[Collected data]

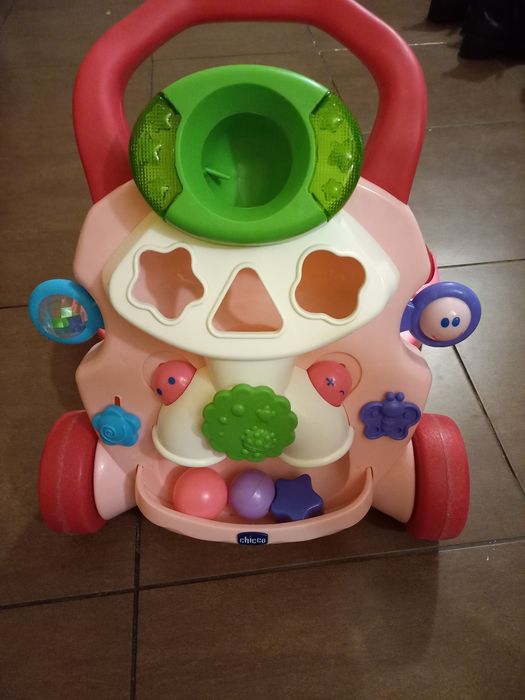 Pchacz chicco kolor różowy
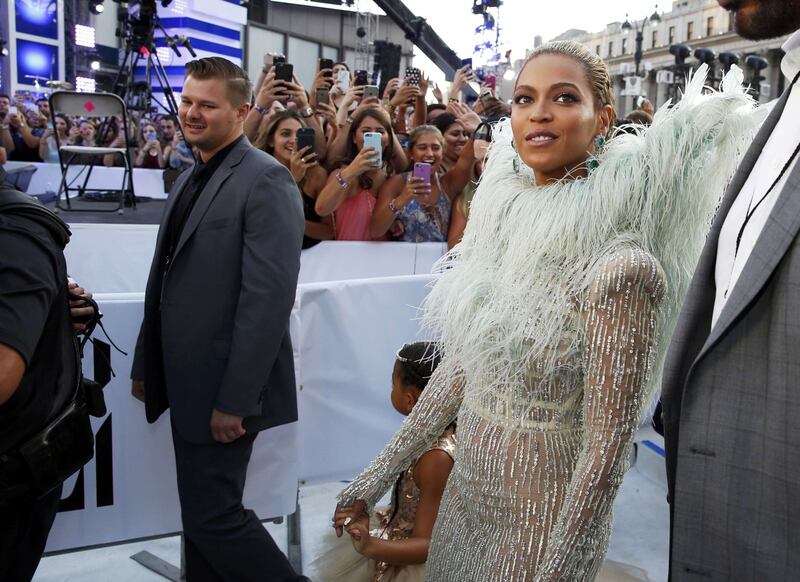 Beyoncé sexy nella performance agli Mtv Vma 15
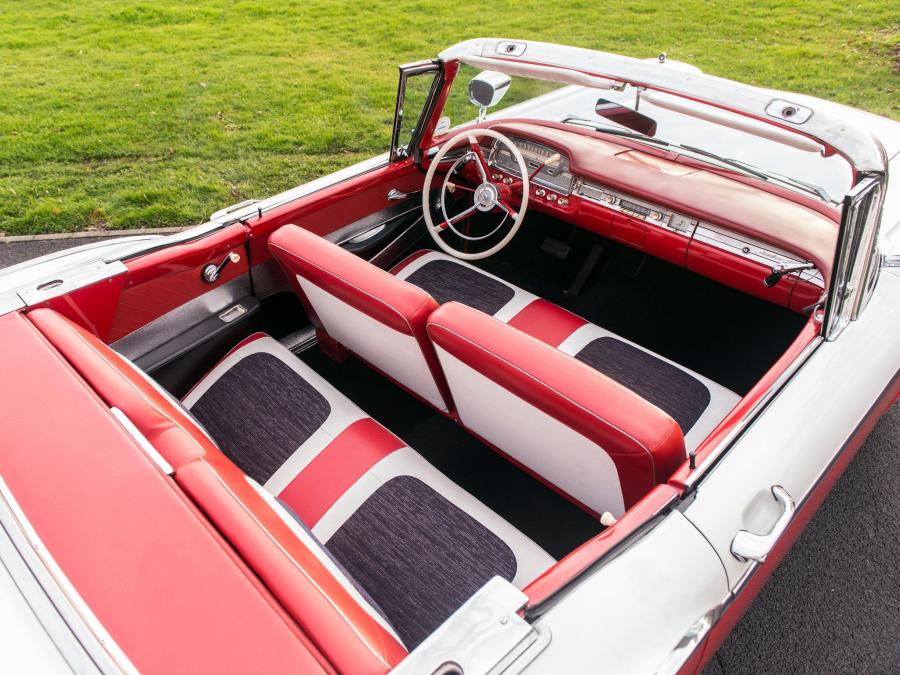  Ford Fairlane 500 Skyliner Retractable Hardtop 1959 года  (фото 29 из 31)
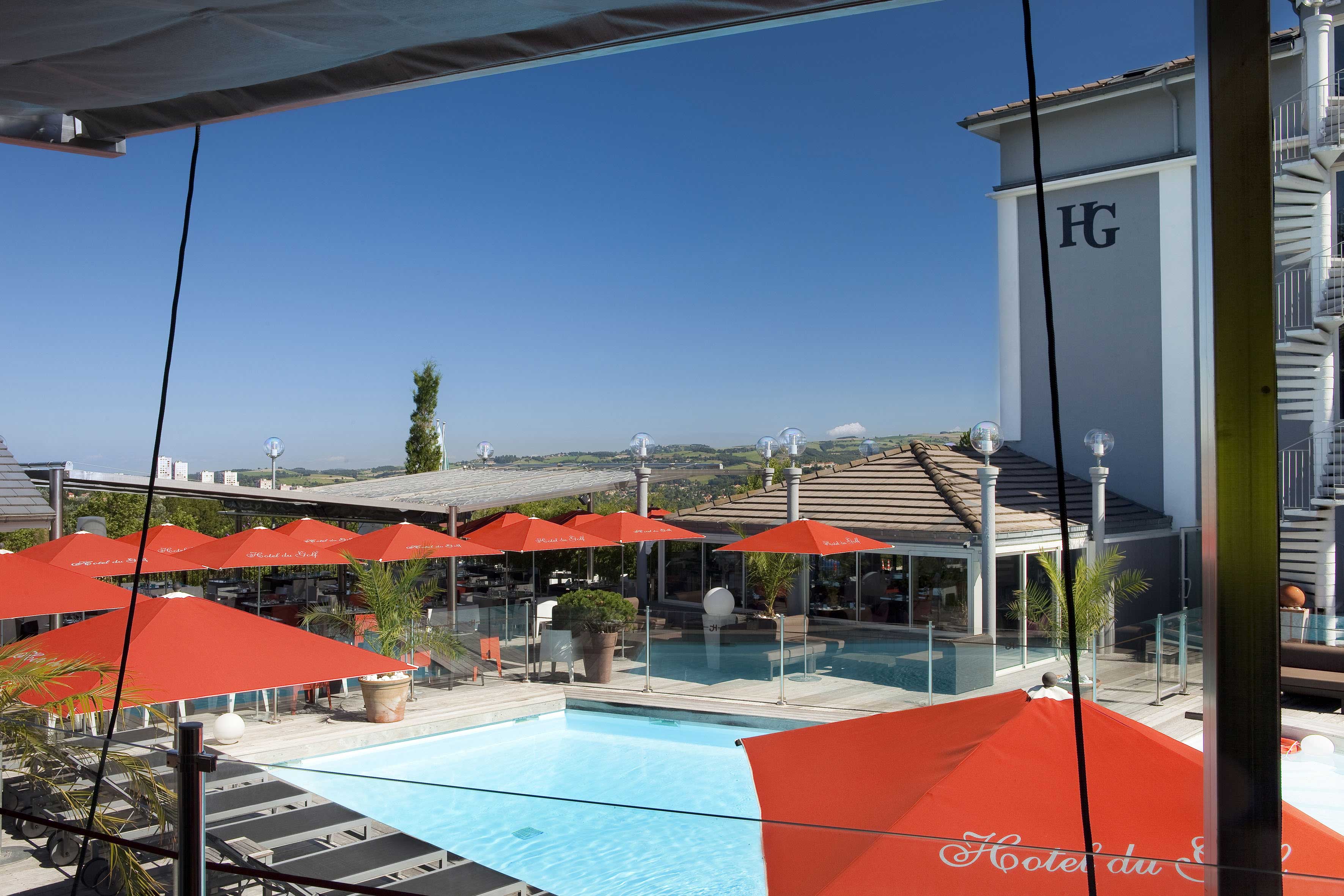rbconcept-hotel-du-golf-terrasse-été-piscine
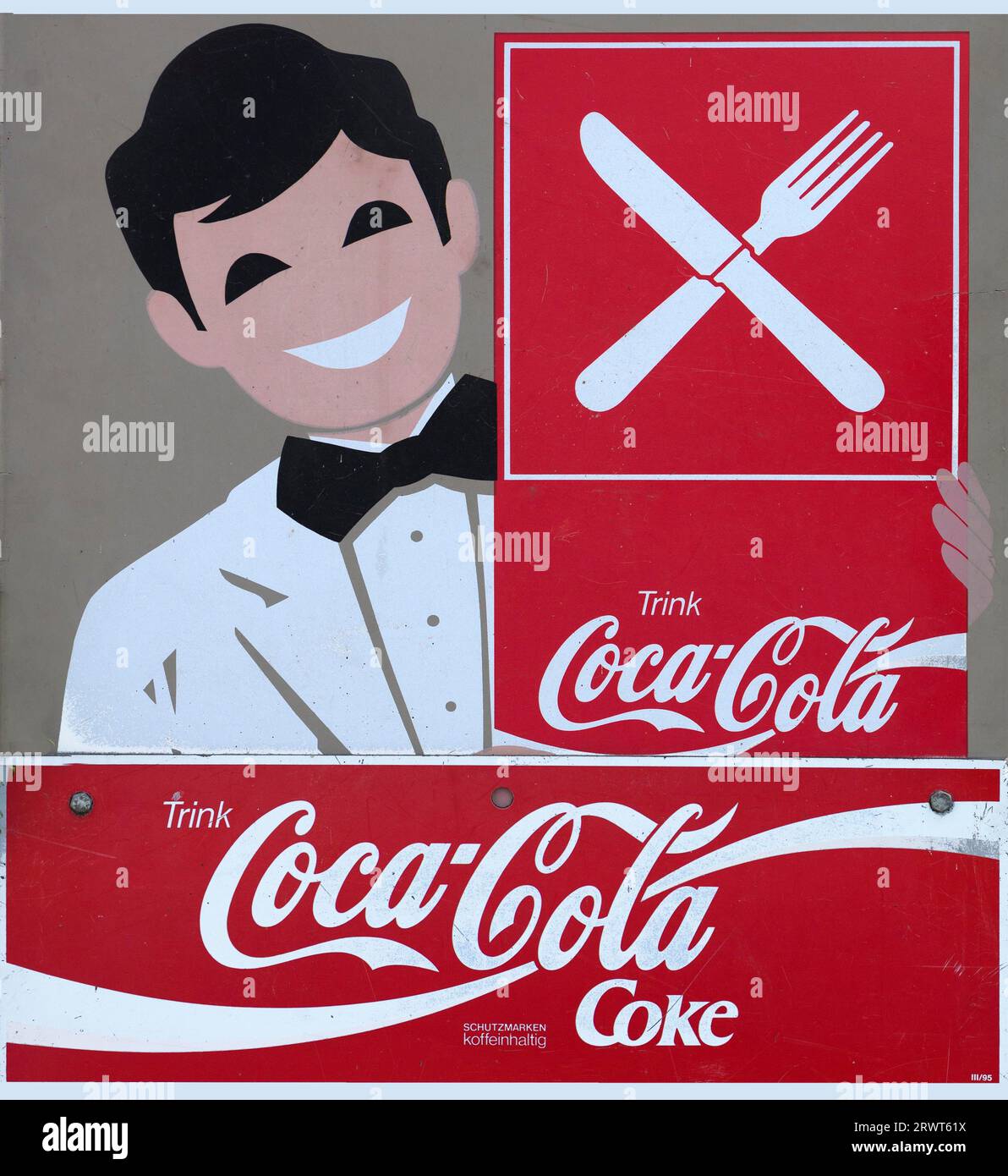 Vieux panneau publicitaire Coca Cola pour les restaurants dans les années 1950, Bavière, Allemagne, Europe Banque D'Images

■ **Action item**
Transcribe nothing but the lines from the one containing "Ford Fairlane 500" through the final line of the records, exactly as written and without pictures.

■ **Response to the task**
  Ford Fairlane 500 Skyliner Retractable Hardtop 1959 года  (фото 29 из 31)
rbconcept-hotel-du-golf-terrasse-été-piscine
 Vieux panneau publicitaire Coca Cola pour les restaurants dans les années 1950, Bavière, Allemagne, Europe Banque D'Images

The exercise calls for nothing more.